Les petits bateaux de papiers

C'était un jour de pluie comme celui d'aujourd'hui. La ville se rinçait à gris sur le bord de ses trottoirs. Il n'y avait pas de petits bateaux de papiers dans les rigoles, mais des talons pressés qui frappaient des coups secs pour ne pas trop se mouiller. Je m'étais mise à flâner, à ne pas avoir envie tout de suite de rentrer. A prendre de longues rues, longues et lentes comme des trainées d'humus. Je crois que j'étais un peu triste, non de le pluie, mais du brillant qu'elle laissait sur le sol et de tous ces pieds pressés qui couraient dessus sans s'arrêter. C'est là que je l'ai croisée. Je l'ai reconnue parce qu'elle avait pris la forme d'un corps, le corps jeune d'un homme en train de jouer avec sa mort.

Elle était debout, là, au beau milieu de la chaussée, les voitures, toujours pressées, la frôlant dangereusement de chaque côté. Des talons, sur le bord des trottoirs, s'étaient arrêtés en même temps que moi. Des voix l'interpellaient, lui disaient de se casser, devant son silence finissaient même par l'insulter...mais elle ne semblait pourtant pas décidée à bouger. Elle ne semblait pas non plus égarée. Son entêtement avait quelque chose qui forçait mon respect et, dans mon ventre, je sentais remonter les petits bateaux de papiers. Le long de mes tripes je les sentais s'agiter pour rejoindre, là bas, à l'angle bizarre de ce corps et de la chaussée, la terre sans doute promise autrefois par des enfants. Des enfants qui, aujourd'hui, pourtant, n'avaient plus assez de papiers pour leurs voilures et les grands vents.

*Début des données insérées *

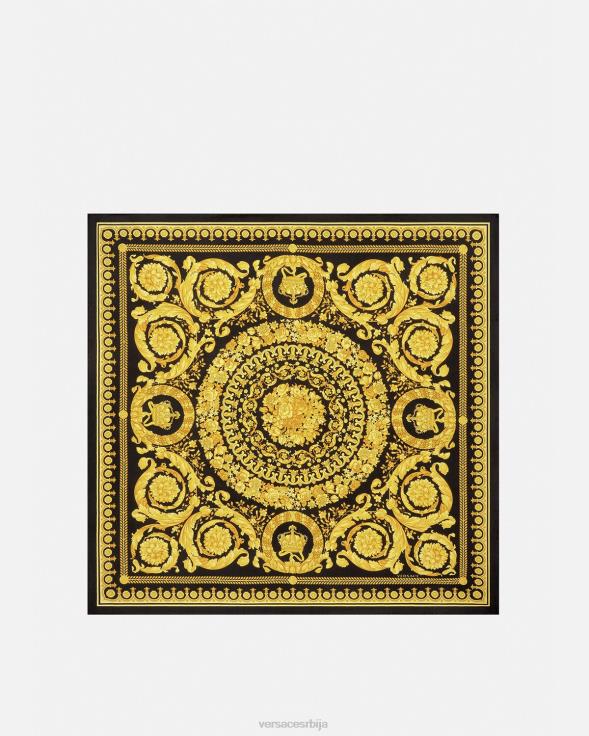 Жене Versace принт бароко велики свилени фоулар Прибор 2DJLH902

Immobile et cernée par les cris, elle m'a soudain vue et elle a souri. Enfin, je crois, parce que sa bouche n'a pas suivi, elle ne devait pas être faite pour ça. Puis, elle a continué à se faire insulter et à ne rien dire, comme si tout cela n'était pas vraiment la vérité, juste un déguisement pour s'amuser. D'ailleurs, elle n'avait pas l'air d'en souffrir. Au contraire, elle mordait fort dans sa lèvre comme pour réprimer un fou rire.
Comme je ne comprenais rien, j'ai décidé de m'asseoir et de la regarder.
Son corps contre la voiture n'a pas fait plus de bruit qu'une feuille de papier qui se déplie . La tête un peu renversée sur le capot, j'ai vu ses deux yeux ouverts. Des yeux très verts et des cils longs et noirs. Des cils comme des sutures qui auraient lâché pour laisser place à la brûlure. De ses paupières éventrées sortait un cri. Un mot sans alphabet, sans forme et sans couleur, mais que je pouvais écouter. Comme je ne comprenais toujours pas, j'ai laissé le cri décider de la place qu'il voulait se donner. Aucune de celles que j'avais ne lui convenait, alors dans ma rétine il s'est planté et j'ai oublié la voiture, les gens se pressant tout autour, les autres mots pleins d'incompréhension et d'insultes... En un instant, il les avait balayés et c'est là que j'ai compris, compris qui était ce corps sous la pluie. Dans la crevasse verte, verte comme peut l'être la pourriture sur les fruits trop mûrs, il y avait la victoire. Oui. C'était bien elle qui m'avait souri. La victoire sur l'ennui, sur les talons qui se pressent, les pas qui se protègent de la lumière mouillée sous les réverbères.

Les passants, sur les trottoirs, se sont remis à passer, à passer à autre chose, comme toujours, et moi je suis restée sous la pluie avec mes bateaux en vague mouillée au bord de l'iris.